Brookfield Infrastructure, based in Canada, and Qube, an Australian logistics group, announced on Feb. 23 they were considering joining their rival bids for the Australian-based rail company, Asciano Limited.

The discussions remained preliminary, indicative and non-binding and there was no agreement, arrangement or understanding between the parties at that stage, however, under the new proposal, Asciano shareholders would receive all cash consideration of A$9.28 ($6.71) per share for a deal valued at A$9 billion ($6.5 billion).

This is the latest in the ongoing eight-month takeover battle for the Australian port and rail operator. Brookfield first approached Asciano in July 2015, offering A$9.05 per share in cash and stock.

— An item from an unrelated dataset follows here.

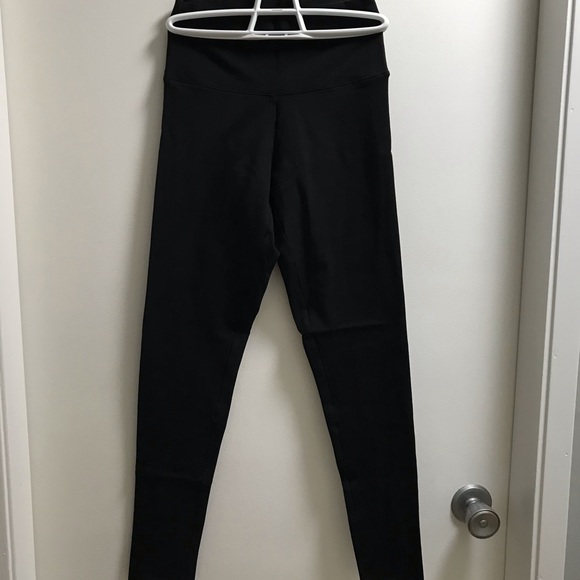 NWOT Aritzia Atmosphere Black Leggings - Picture 1 of 2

Qube made a rival bid in November 2015, offering A$9.25 per share.

The ACCC’s investigation focused on the import-export supply chain for containerized freight through Australian ports of Botany, Brisbane, Fremantle and Melbourne. Specifically, it closely considered the vertical integration of Asciano’s Patrick container terminals with Qube’s road and rail container transport services and empty container parks.

“The ACCC conducted extensive inquiries with a large number of industry participants,” said Rod Sims, ACCC chairman. “A broad range of issues were raised across different aspects of the supply chain. After careful consideration, the ACCC has concluded there is not likely to be a substantial lessening of competition in any market.” 

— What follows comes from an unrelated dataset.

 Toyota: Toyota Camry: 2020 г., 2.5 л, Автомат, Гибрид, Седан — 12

The ACCC expressed some competition concerns in a statement of issues it released in May, but the parties have since restructured the proposed acquisition so that ACFS will no longer be vertically aligned with Patrick.

“This restructure resolved a number of the ACCC’s concerns,” Sims said. “It means that the effect of the proposed acquisition is a substitution of Qube for ACFS as the downstream container logistics provider linked to Patrick.”

The ACCC also closely considered whether the vertical integration of the Patrick container terminal at Port Botany with Qube’s NSW rail operations would result in discrimination against Qube’s competitors. A key issue was whether this would reduce competition in the market for rail-based container transport services from regional NSW to Port Botany, with particular regard to Qube’s interest in the Moorebank intermodal terminal.

The ACCC conducted in-depth inquiries with a broad range of Port Botany stakeholders and identified several constraints on the ability and incentive of Patrick to discriminate in favor of Qube trains at Port Botany.

These constraints include the potential loss of business to rival stevedores, Brookfield and others having a 50% interest in Patrick, and the regulation of rail services. The ACCC also considered the role of NSW Ports as the lessor of the Patrick Container Terminal site, particularly given it is also the landlord of intermodal terminals at Enfield and Cooks River. The ACCC considered NSW Ports has an incentive to limit any discrimination by Patrick Container Terminals in favor of Qube’s interests.

“The combined strength of these constraints has led us to conclude that the acquisition would not cause an increase in prices or a reduction in the quality of regional rail container export services to Port Botany,” Sims said.

Brookfield and Asciano released a joint statement in reaction to ACCC’s decision stating the transaction remains subject to certain conditions including FIRB approval, and approval from the Supreme Court of New South Wales at the Second Court Hearing which is expected to be held on July 28.